Свою детскую модель Руперт называл «маленьким мальчиком, к которому относились несправедливо». Источником его детской боли была суровость учителей британской частной школы, пусть и продиктованная самыми лучшими намерениями. Когда он получил плохую оценку по математике, они для начала его публично унизили, а затем в качестве наказания отстранили от занятий его любимой историей, хотя по этому предмету у него был высший балл. А дети восприняли учительское порицание как разрешение травить Руперта. Стресс от такой несправедливости был настолько сильным, что в одиннадцать лет у моего будущего мужа случился нервный срыв и он три месяца провел в постели. И если я обижалась каждый раз, когда он отправлялся в командировку — а без его заработка мы бы не вытянули, — то он в ответ тут же нажимал на кнопочку «Это несправедливо!». Вместо того чтобы развеять мою неуверенность, Руперт сердился и расстраивался. С его точки зрения, мои обиды были своего рода формой критики — критики совершенно несправедливой, поскольку он не делал ничего плохого. Он, как и я, переживал все очень остро, и наши чрезмерные реакции питались болью куда более глубокой, чем та, которую мы испытывали в данный момент.
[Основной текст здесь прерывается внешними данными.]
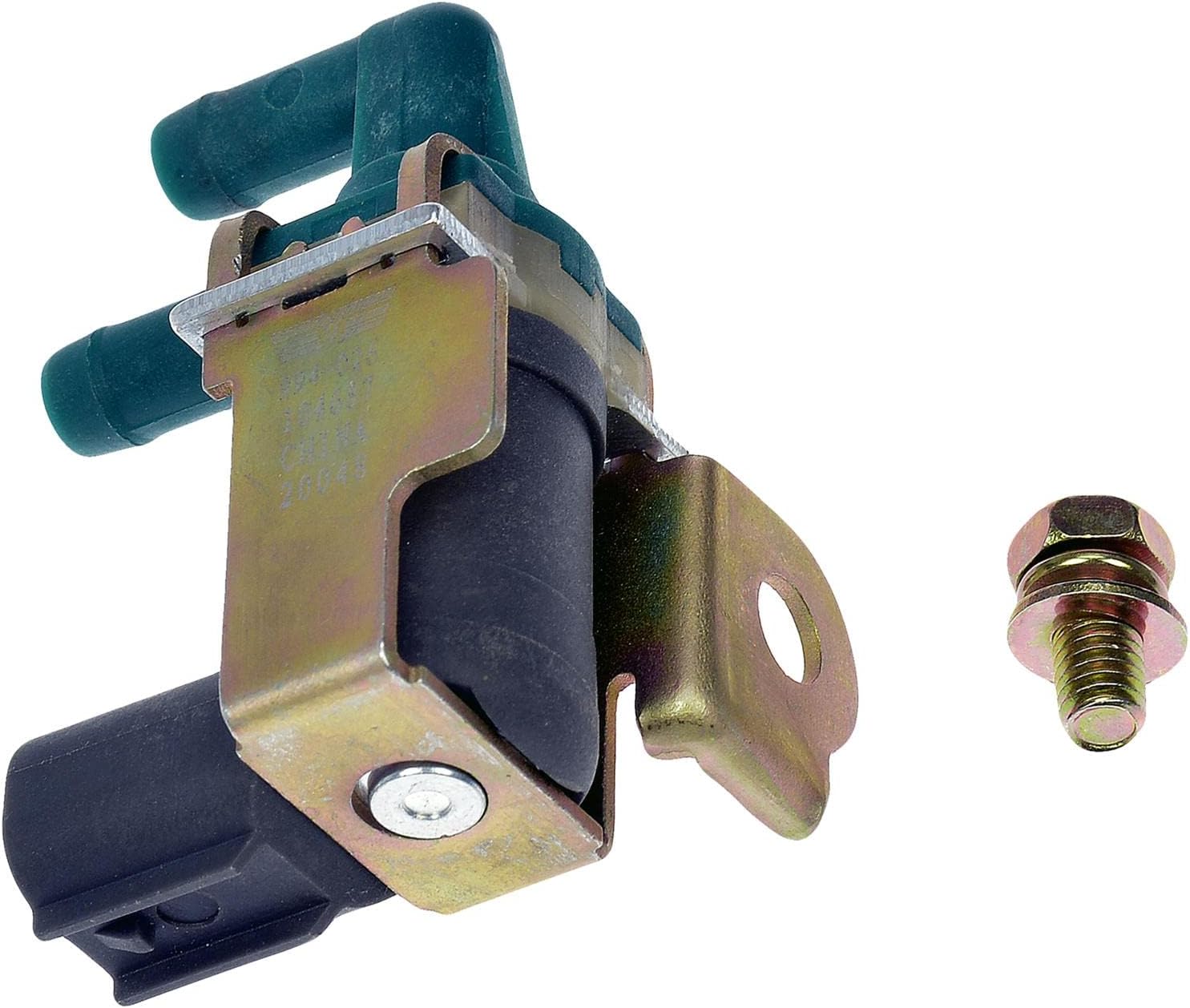 Evaporative Emissions Purge Solenoid for Lexus GS300 2000-2005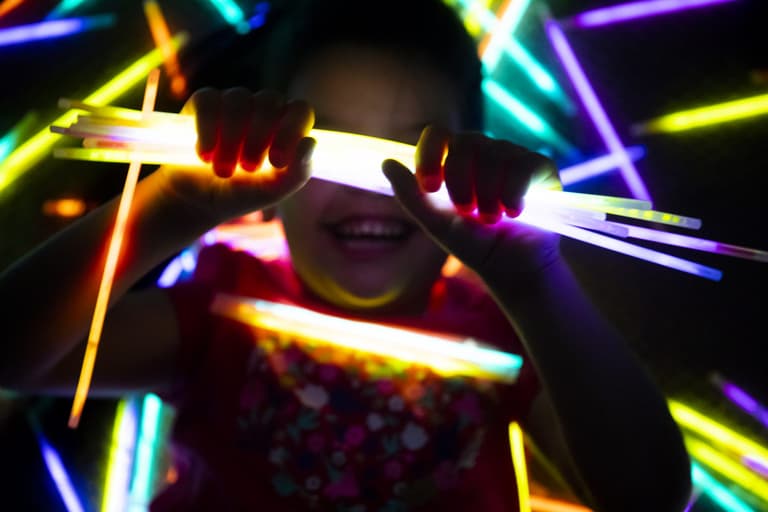 There’s a mum and child Mother’s Day rave in Dublin this Sunday and we’ll see you there There’s a mum and child Mother’s Day rave in Dublin this Sunday and we’ll see you there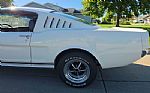 1966 Mustang Thumbnail 46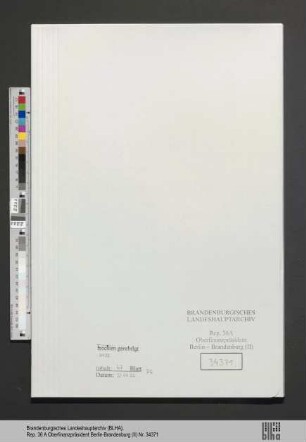 Schneller, Eli
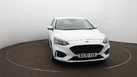 2020-ford-focus-10t-st-line-x-edition-155ps-hybrid-mhev-hatchback-small-41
К счастью, поскольку мы с Рупертом по-настоящему осознавали ценность самосострадания, со временем мы смогли освободиться от того, что заложило в нас детство. Это было непросто, потому что наши модели дополняли друг друга, и их иррациональная сущность нападала на нас одновременно. Но так же одновременно мы выпускаем пар, когда кто-то из нас в разгар конфликта вспоминает о «перерыве на самосострадание». О моей обиженной маленькой девочке заботятся, ее понимают, поэтому я в состоянии сообразить, что никто меня на самом деле не покинул. А маленький мальчик Руперта, тот самый, к которому относились несправедливо, успокаивается, гнев отступает, и он понимает, что мои реакции ничего общего с критикой его как личности не имеют. Как только мы начали относиться к нашим детским моделям с состраданием, мы смогли сосредоточиться на том, что происходило здесь и сейчас, и наши конфликты стали разрешаться намного проще и быстрее. Клятва помогать друг другу в самосострадании оказалась лучшим, что мы могли придумать и реализовать.